Türkiye’de bir şeyler oluyor,Okçuluk adına sevindirici gelişmeler. İlgi alaka çığ gibi büyüyor. Gün geçtikçe kabzadaş olmaya aday insanlar dünyanın her tarafından bize ulaşmaya çalışıyor. Antreman sahalarımız zaten yetersizdi, hepten sığamaz olduk. 6 ay önce 10 tane okçuyu yarışma için bile bir araya getirmek zorken 25 kişi ile antreman yaptığımız oluyor. Bize ulaşamayan arkadaşların olimpik, geleneksel ulaşabilecekleri kim varsa ulaşmaya çalıştıkları ve bu kültürü yaşatmak için ellerinden geleni yapmaya hazır olduklarını görmek bizleri bahtiyar ediyor.
Ankaralı kavsiler periyodik olarak en az 10 kişi olmak üzere yay yapmaya çalışıyorlar, Kavsi gurubunda Yaşar Metin hocanın nezaretinde dünyanın her tarafından yay meraklıları bilgi ve birikimini paylaşıyor.

Normal insanların ilgisi dışında akademik ilgi ve alakada da çok ciddi artışlar var. Fizik fakültesinden hocalarımız balık tutkalı üzerinde araştırmalar yaparken produksiyon firmaları telefonlarımızı daha sık çaldırıyor. Artık bu araştırmaların daha profosyonel olarak yapılması gerektiği düşüncemizi paylaşan çok değerli akademisyenlerimiz bizleri üniversitelerine davet ediyor.

İstanbul barosunun bir avukatı memleketin uzman tarihçileri huzurunda okçuluk kültürümüzü anlatıyor,ama daha da ilginci bir başka arkadaşımız güvenlik görevlisi olarak hizmet verdiği üniversitesinde bu kere yay ustası olarak seminer veriyor.

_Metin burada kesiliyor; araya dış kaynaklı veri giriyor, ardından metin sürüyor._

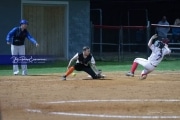 Softball Rosman at West Henderson_BRE_7622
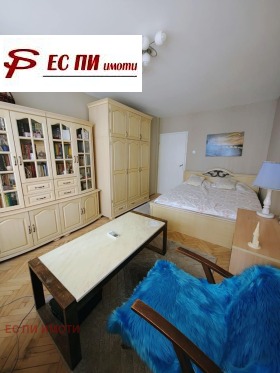  3- | Imot.bg    4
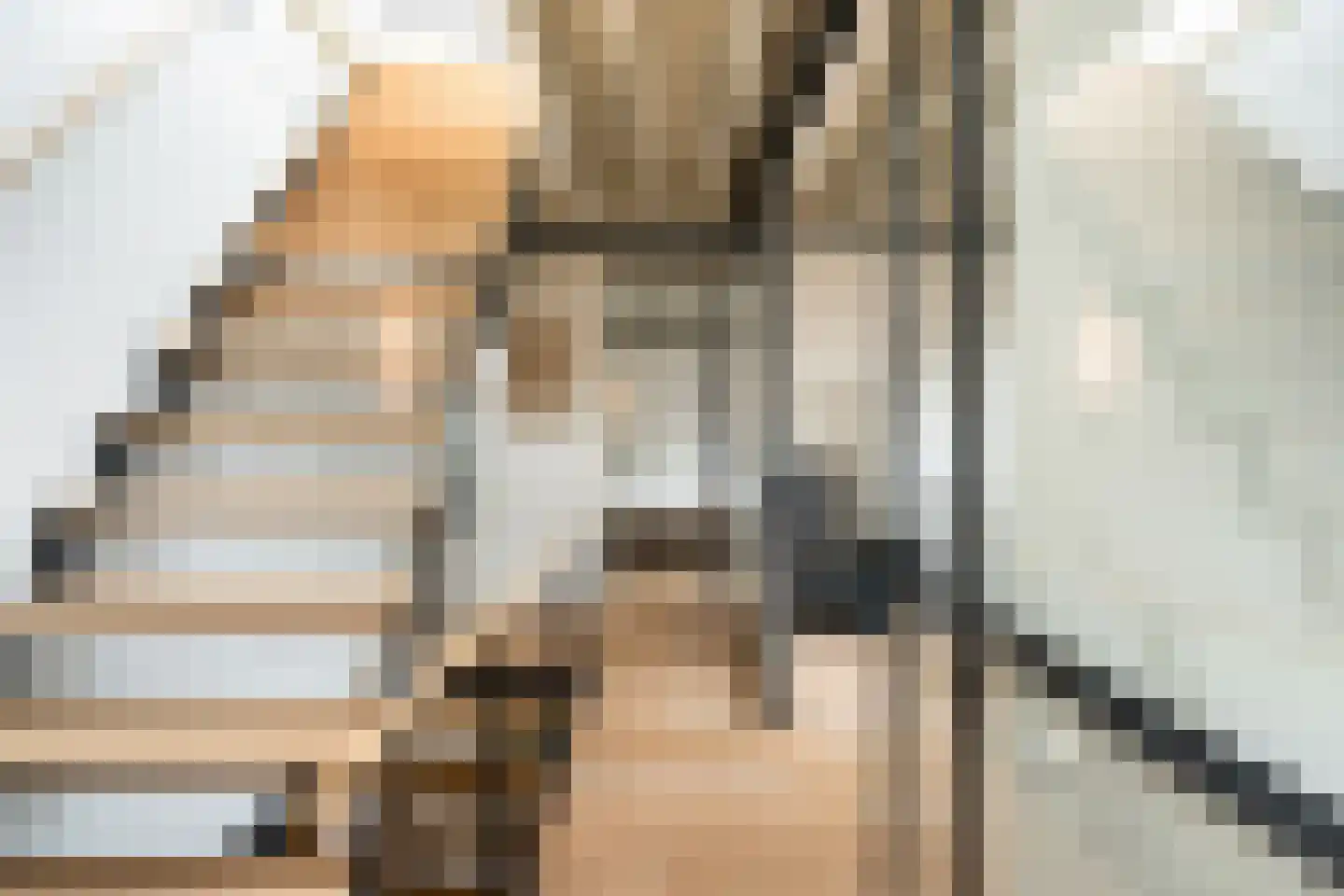 Nassauhavenpad 8 Rotterdam thumbnail 16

Böyle bir güzellik nerede görülmüş?
İki hafta önce Aysel hocamızın davetine icabetle Haliç Üniversitesindeydik(22 kasım 2010). Geçtiğimiz hafta Marmara üniversitesinde Erhan Afyoncu hocamızın daveti ile savaş tarihi dersinde paylaşmaya çalıştık bildiklerimizi(30 Kasım 2010).

Okçulara sadece üniversite değil gönüllerin kapısı açıktı Edirne’de. Ercan Özek kardeşim anlattı Türk yayının özelliklerini. Yaptığı yayları serdi masanın üstüne, malzemeleri yığdı, dokunduk, dokundular tarihe gençlerimiz akademisyenlerimiz. Çekemediğimiz kirişlerde tarihin gücünü hissettik. İşte bu üniversitede güvenlik görevlisi olarak çalışıyor Ercan biraderimiz.
Türkiyenin sayılı Hun tarihi uzmanlarının huzurunda binlerce yıl geriye gittik hep beraber. Çin kronikleri ok ucundan bakınca nasıl da farklılaşıyormuş meğerse ve ayrıntılar nasıl anlam kazanıyormuş, fark ettik. Alkışlarla indik bahçeye. Gençlerin Yaaa Haaakk!!!!!! Naralarını Bulgar sınır devriyesi duymuştur herhalde. Sonra Ercan kardeşimin yayını test ettik. En az yüz yıl sonra ilk defa Edirne gerçek bir yay gördü. Tekrardan oklar ıslıklandı Edirne semalarında. Kanat çırptı kültürümüzün ve tarihimizin nadide parçaları. Geçmişin ihtişamında uzak olsa da kirişler yeniden efelendi. Anlaşıldı durmaya hakkımız yok bizim. Bize gösterilen bu teveccühe layık olmak için araştırmaya devam etmeliyiz.
Adnan MEHEL
İSTANBUL Aralık 2010
Not: Fotoğraflar fakirhanemizde.(facebook) Bizlere bu güzellikleri yaşattığınız için ; Sağ olasınız Aysel hocam, Erhan Hocam, Tilla Deniz hocam, sağ olasınız akademisyen arkadaşlar, gençler, Ercan, Ali , Serhat Bora ve siz tüm okçuluk sevdalıları, kabza daşlarım.
Yay eğridir yalan da eğri
YanıtlaSilPekiyi ok yaydan nasıl çıkar doğru
Marifet O dur ki yayı tutan el doğru
Rıdvan UZUNTAŞ.
İSTEYİNCE OLUYOR HERŞEY. AMA İSTEMEYİDE BİLMEK LAZIM,İÇTEN VE YÜREKTEN... AYNI NOKTADA KESİŞMİŞKEN YOLLARIMIZ ÜRETMEYE DEVAM SAYIN ADNAN HOCAM ... SAYGILAR AYSEL BABAGÜR.